O Carnaval dos sonhos dos novos tempos

 

BLOG  ORLANDO  TAMBOSI

Se eu pudesse, daria o exemplo. Pularia segundo a minha herança cultural verdadeira, que é a de descendente de operários e camponeses italianos. A crônica de Fernando Tosetto para a revista Crusoé:


O amigo não se ofenda se eu acreditar que você pulou Carnaval. Eu pulo também – não como folião, mas como furão, como quem dá o cano e falta ao compromisso. É que não me dou bem com o trugundum, não suporto o calor, não tenho mais vitalidade, ficar bêbado está cada vez mais chato e, cá entre nós, tenho um certo receio de contrair hanseníase do suor e da saliva alheios. Mas isso sou eu; o amigo talvez seja diferente. O amigo talvez tenha sido bravo e corajoso e se esbaldado nos bloquinhos; se comovido e aberto os braços em êxtase na avenida; se desmanchado ante o esplendor que nela fulgiu e, ah, tenha enfim sido um folião à vera, um folião de mãos cheias.

Bem, se foi assim, espero que o amigo tenha, ao menos, pulado o Carnaval com consciência. Que tenha respeitado as minorias e pulado seu Carnaval segundo a sua própria herança cultural, sem se apropriar de nada que seja dos outros. Essa, aliás, é outra razão para eu não pular Carnaval: para ser fiel à minha herança eu teria que me fantasiar de paulistano, ou seja, pôr terno, colete, gravata, sapato Vulcabrás e pastinha 007 (ou carregar uma pizza). Não é, como direi, a indumentária do desbunde.
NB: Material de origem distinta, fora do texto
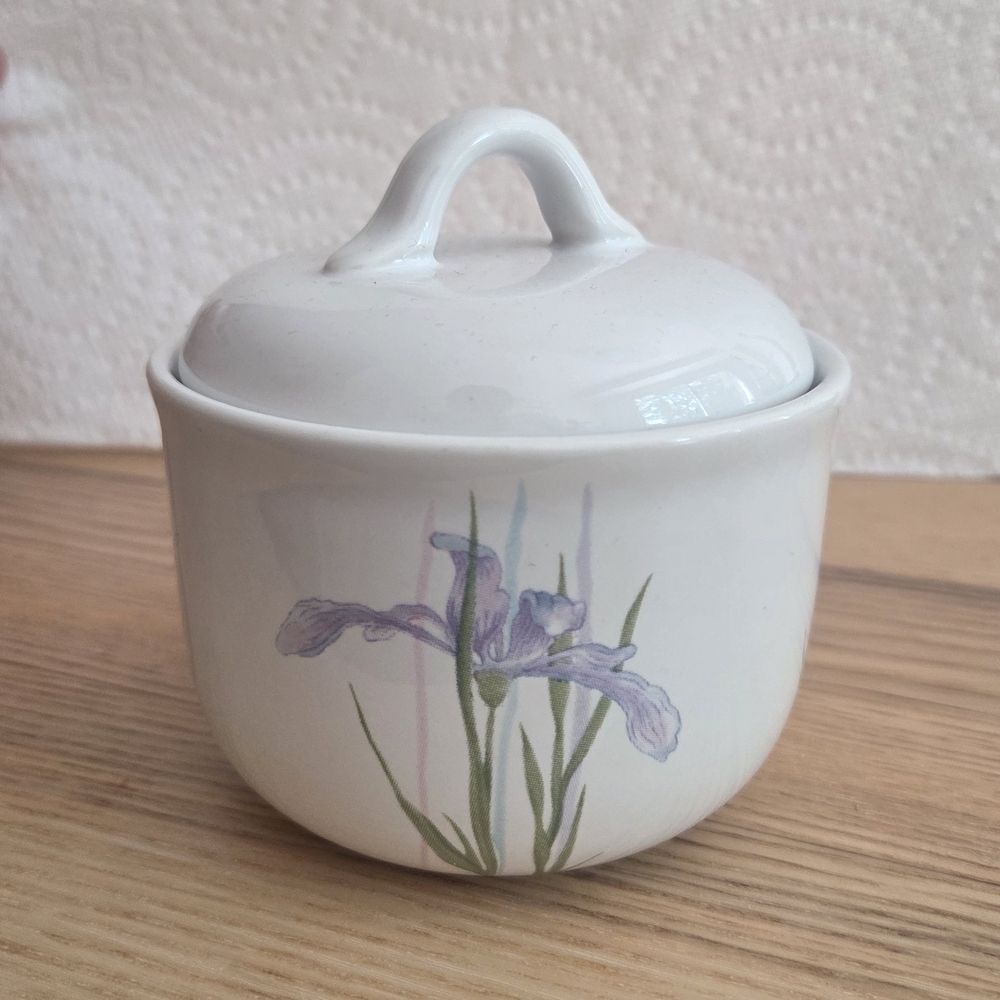Vintage Corelle Shadow Iris Sugar Bowl/Dish with Lid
Mas falemos do amigo: não reforçou os estereótipos, reforçou? Não invisibilizou nenhum grupo étnico, invisibilizou? Vejamos: não pulou fantasiado de índio, pulou? (A menos que o amigo seja índio. É?) Não pulou fantasiado de divindade pagã, pulou? (A menos que o amigo seja uma divindade pagã. É? Se for, não me fulmine.) Não pulou de abadá, pulou? (A menos que o amigo só se vista de abadá: durma de abadá, acorde de abadá, vá trabalhar de abadá, vá a casamento e a enterro de abadá. É isso?) Não pulou vestido de mulher, pulou? (A menos que o amigo seja mulher. É?) Não pulou vestido de padre, pulou? (A menos que o amigo seja padre; se for, a bênção.) Não pulou vestido de tirolês, pulou? (A menos que o amigo seja tirolês. Se for, cante um yodel. Eu gosto.) Não pulou fantasiado de boy band coreana, pulou? (A menos que o amigo seja uma boy band coreana. Se for, cante comigo a marchinha do identitário: “ei, você aí, me dá um dinheiro aí”).
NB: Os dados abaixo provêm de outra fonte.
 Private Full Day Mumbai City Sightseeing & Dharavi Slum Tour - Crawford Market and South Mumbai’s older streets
Espero sinceramente que a resposta a todas essas perguntas (e a qualquer outra pergunta parecida com essas) tenha sido um sonoro, decidido e democrático não. E que o amigo tenha pulado Carnaval como o que é, seja lá o que o amigo for.
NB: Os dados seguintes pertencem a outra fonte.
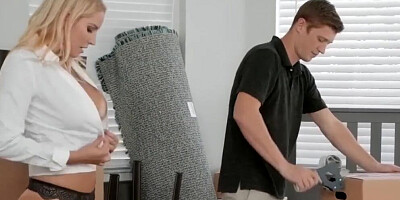 Mother and step daughter team need help with their boxes - Reality Kings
Não pense porém que digo tudo isto como uma forma irônica de desaprovar ou debochar dessas precauções. Não, não, não. Eu as estimulo de verdade, com sinceridade, quase de modo militante. É que acredito que toda restrição, toda proibição, todo empecilho, toda autocensura é uma oportunidade para o exercício da criatividade. Ela te permite ser original e sambar na cara dos estereótipos e dos automatismos. E se o amigo conseguir fugir dos estereótipos e dos automatismos do Carnaval – logo dos do Carnaval! – já fez um bem a si mesmo e, por tabela, a toda a sociedade.

Sou tão sincero no que digo que eu mesmo, se pulasse Carnaval, daria o exemplo. Eu pularia segundo a minha herança cultural verdadeira, que é a de descendente de operários e camponeses italianos (o meu pai era faz-tudo; meu avô, carpinteiro; meu parente mais parrudo era o bisavô vinhateiro): sairia de macacão de brim, camisa xadrez, boné, sapatão e uma chave de boca no bolso de trás das calças. Original até umas horas: quem já viu folião operário? Nem em filme do Guarnieri. Mereceria, no mínimo, algum prêmio ou reportagem.

E outra: eu bem podia sair do meu rolê no bloquinho com um emprego de encanador ou de funileiro. Samba no pé, respeito à diversidade e carteira assinada: o Carnaval dos sonhos dos novos tempos.